Table 1. Statistics for the 6 datasets.

3.1. Recurrent Topological Networks for Word Learning

In TSOMs, word learning proceeds by developing maximally discriminative Markov-like chains of topologically arranged memory nodes, derived from exposure to fully inflected input forms with no morphological annotation. Nonetheless, node chains can mirror effects of gradient morphological structure and emergent paradigm organization. By developing specialized patterns of map nodes through recurrent connections, TSOMs encode input symbols auto-associatively, exploiting the formal redundancy of symbolic temporal series. Node specialization is modeled through discriminative learning equations (Ramscar and Yarlett, 2007; Baayen et al., 2011), which offer a powerful strategy for scaffolding the input stream into internalized structured representations that are efficient for word recognition and production. We provide here an informal, functional description of TSOMs. The interested reader is again referred to the Appendix for all mathematical and algorithmic details.

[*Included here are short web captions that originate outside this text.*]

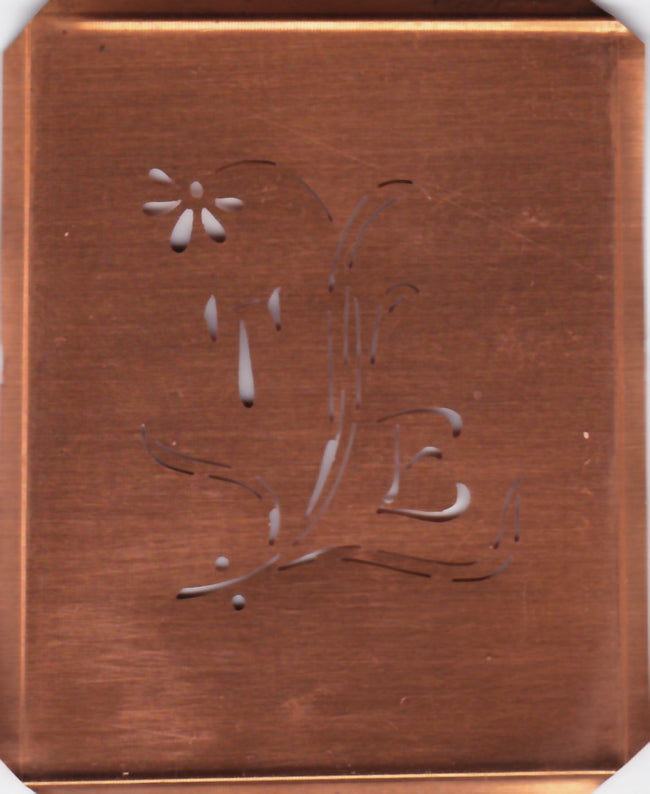 TE - Hübsche, verspielte Monogramm Schablone Blumenumrandung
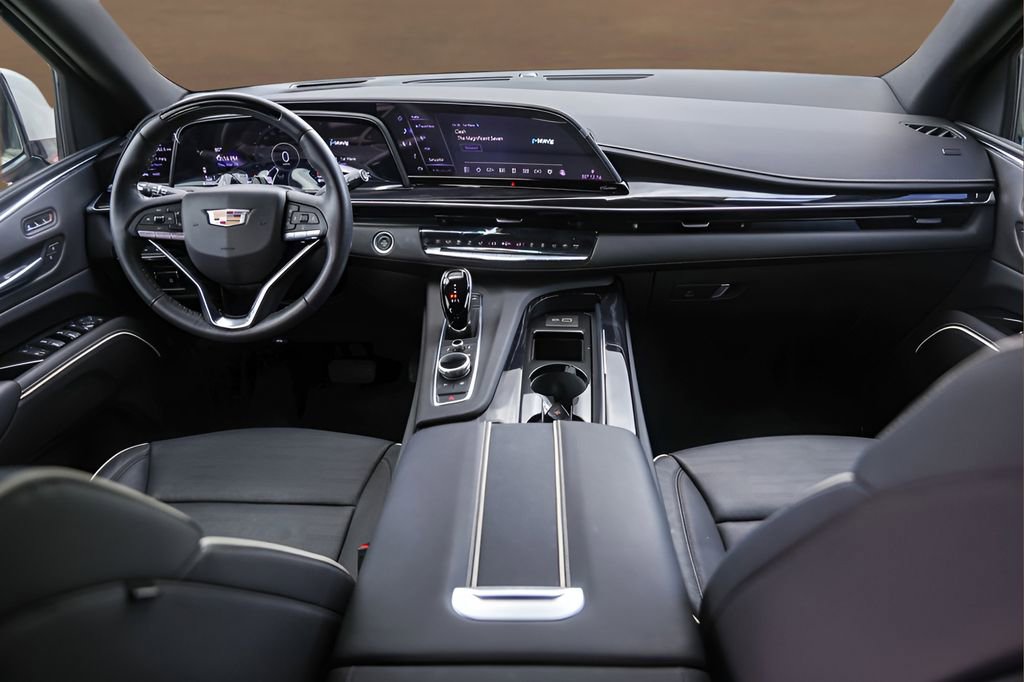 Used 2024 Cadillac Escalade Sport w/ Touring Package image 28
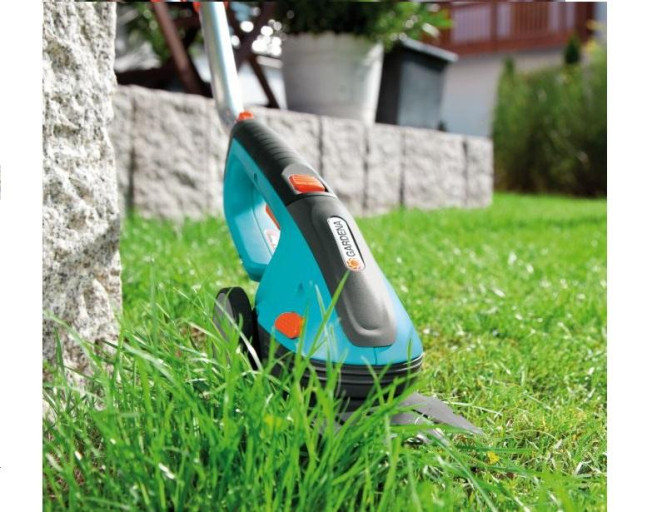 Аккумуляторные ножницы для газонов с телескопической рукояткой GARDENA ClassicCut 08890 в Екатеринбурге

A lexical TSOM consists of a bank of input nodes encoding input letters, and a bank of processing nodes making up the lexical map proper (Figure 1). Each processing node is connected to the input layer through one-way input connections, and to other processing nodes (including itself) through one-time delay re-entrant temporal connections. At each time tick t, activation flows from the input layer to the map nodes through input connections. Re-entrant temporal connections update each map node with the state of activation of all nodes at the previous time tick (see the unfolded view of Figure 1). As with classical Recurrent Neural Networks (Elman, 1990), a word is input to a TSOM one symbol S at a time. Activation spreads through both input and temporal connections to yield an overall activation state, or Map Activation Pattern for S at time t: MAP_t(S). The node with the highest activation level in MAP_t(S) is called the Best Matching Unit for S at time t, or BMU_t(S). A time series of sequentially activated BMUs will be referred to as a BMU chain below. It represents the map's cumulative memory trace for an input time series.

FIGURE 1

Figure 1. Architecture and unfolded view of a TSOM. Orange nodes represent Best Matching Units activated at successive time ticks.

Weights on temporal connections encode how strongly the current BMU_t is predicted by BMU_t−1, over a continuous range from 0 to 1. Temporal connection weights are trained on input data according to the following principles of discriminative learning, strongly reminiscent of Rescorla and Wagner (1972) equations (see Appendix). When the bigram ‘AX' is input, a TSOM goes through two learning steps:

1. the temporal connection between BMU_t−1(A) and BMU_t(X) is strengthened (entrenchment);

2. all other temporal connections to BMU_t(X) are weakened (competition).

Step 1. and 2. incrementally enforce node specialization. Over the course of training, the map tends to allocate maximally distinct processing nodes, as a function of the form overlap and form frequency of input strings in the training set.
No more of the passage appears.